What is required:
Every entry that follows must be written out exactly, apart from its pictures.

Data listing:
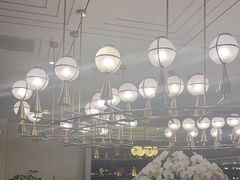 -鹿港小镇(霄云店)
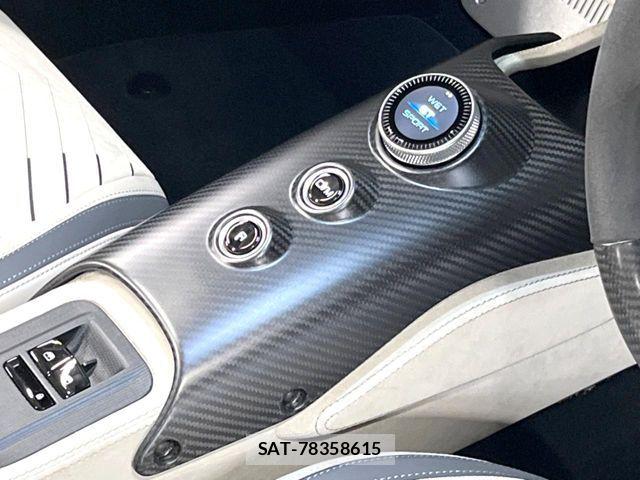 Maserati MC20 2024-03 6641917-6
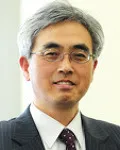 대학교수인 장동한의 대표 이미지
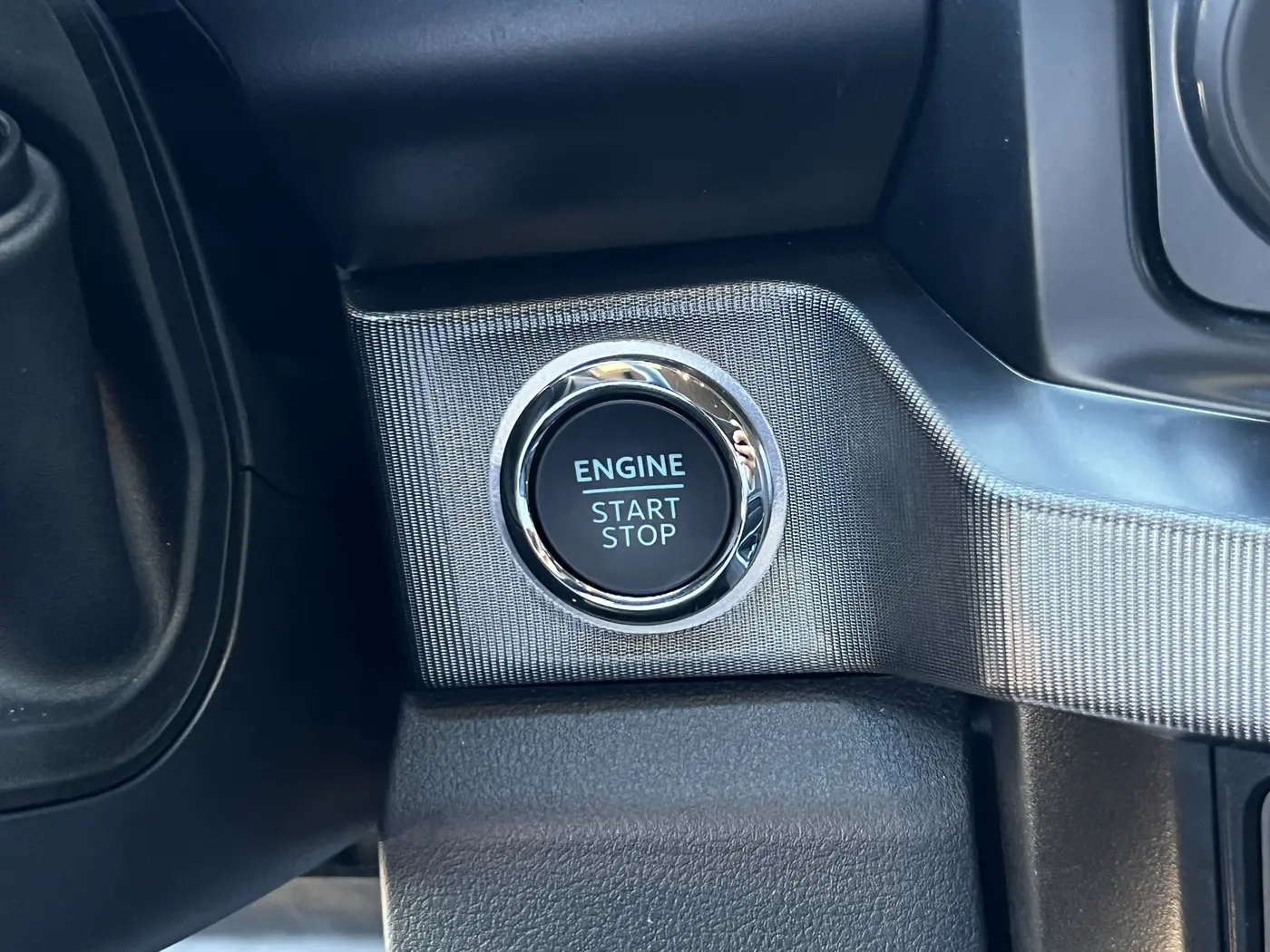 2025 Ford F-350 - $82,999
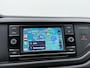 Volkswagen Polo 1.0 TSI | Carplay | Cruise Control | LED | Getint Glas |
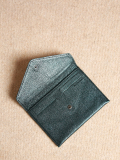 Porte-papiers ETINCELLE IRISEE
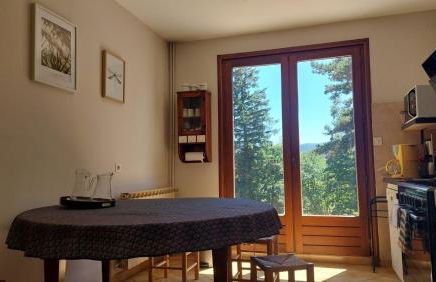 Les balcons du Haut-Forez - Foto 14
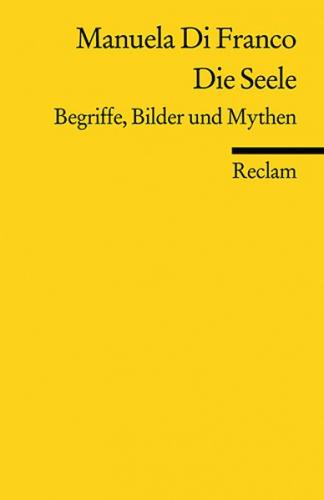 Die Seele 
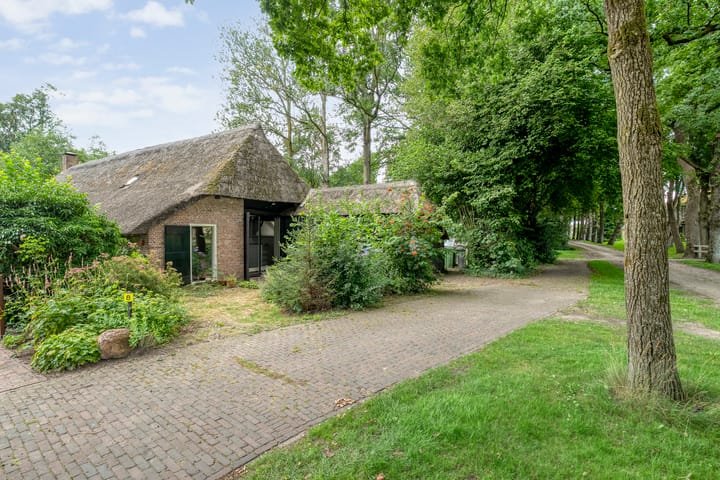 Photo 54 of De Weijert 8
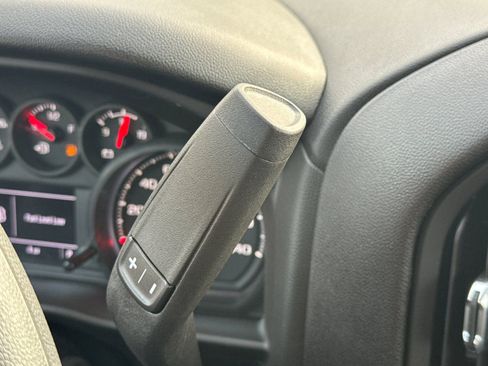 New 2026 Chevrolet Silverado 3500 W/T w/ WT Convenience Package image 22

Solution to the exercise:
 -鹿港小镇(霄云店)
 Maserati MC20 2024-03 6641917-6
 대학교수인 장동한의 대표 이미지
 2025 Ford F-350 - $82,999
 Volkswagen Polo 1.0 TSI | Carplay | Cruise Control | LED | Getint Glas |
 Porte-papiers ETINCELLE IRISEE
 Les balcons du Haut-Forez - Foto 14
 Die Seele 
 Photo 54 of De Weijert 8
 New 2026 Chevrolet Silverado 3500 W/T w/ WT Convenience Package image 22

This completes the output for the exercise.